Dr. McGaugh also conducted MRI brain scans on me, which were then sent to specialists. The hope was that they would find anomalies that would lead to further pinpointing of what may be the structural reasons for the way my memory works. Not only did they identify more than two dozen areas that are a good deal larger than normal, but some of them are extraordinarily large. As one researcher said, they are so large that it's "like the difference in size between Shaquille O'Neal and the rest of us." My hope now is that they will find clues in their further studies that will lead them down fruitful paths for treating or preventing memory loss.

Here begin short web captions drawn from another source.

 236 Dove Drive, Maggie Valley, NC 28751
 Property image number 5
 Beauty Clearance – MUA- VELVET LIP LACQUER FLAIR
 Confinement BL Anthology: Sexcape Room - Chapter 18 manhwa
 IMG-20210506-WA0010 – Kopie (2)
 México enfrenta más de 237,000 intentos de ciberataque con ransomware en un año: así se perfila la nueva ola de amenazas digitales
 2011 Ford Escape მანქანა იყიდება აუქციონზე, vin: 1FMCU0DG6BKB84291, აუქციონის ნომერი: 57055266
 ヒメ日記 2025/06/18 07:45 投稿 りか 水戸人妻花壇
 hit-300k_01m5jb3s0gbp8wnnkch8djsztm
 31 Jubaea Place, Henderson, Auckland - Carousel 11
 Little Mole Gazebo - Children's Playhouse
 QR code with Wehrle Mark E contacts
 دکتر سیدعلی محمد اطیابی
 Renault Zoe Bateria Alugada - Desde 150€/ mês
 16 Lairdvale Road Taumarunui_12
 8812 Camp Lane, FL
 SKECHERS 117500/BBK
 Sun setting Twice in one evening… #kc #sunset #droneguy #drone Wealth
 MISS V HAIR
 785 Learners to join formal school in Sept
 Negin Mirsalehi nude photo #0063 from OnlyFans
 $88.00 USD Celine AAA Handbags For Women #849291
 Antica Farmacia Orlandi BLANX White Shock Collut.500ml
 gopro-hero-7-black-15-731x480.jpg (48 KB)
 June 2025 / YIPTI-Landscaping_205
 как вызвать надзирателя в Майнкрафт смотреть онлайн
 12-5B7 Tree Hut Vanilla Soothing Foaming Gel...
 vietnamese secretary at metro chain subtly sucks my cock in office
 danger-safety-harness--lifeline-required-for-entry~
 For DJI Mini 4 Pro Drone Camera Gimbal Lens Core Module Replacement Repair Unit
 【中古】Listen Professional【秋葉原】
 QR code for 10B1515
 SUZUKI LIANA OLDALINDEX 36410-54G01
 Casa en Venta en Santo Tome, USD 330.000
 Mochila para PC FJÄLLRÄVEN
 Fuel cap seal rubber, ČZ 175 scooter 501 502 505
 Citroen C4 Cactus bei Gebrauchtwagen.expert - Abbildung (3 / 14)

All parents try to understand what's going on in their kids' minds, but no matter how hard an adult tries, a child lives in a world that adults left behind long ago. My memory has made me acutely conscious of that disconnect. In a wonderful irony, after having hated school myself, I am now the administrator of a school with kids from kindergarten through seventh grade.
This past fall, one of the younger girls came into my office. I could see that though she was trying to hide it, she was very upset. She told me that her mother had not arrived yet to pick her up. When her mom appeared at the door a little bit later, she ran to her and blurted out, "I thought you were dead!" I knew all too well the terror she was feeling, because I remember that time of life so well. I try every day to bring that awareness into my work.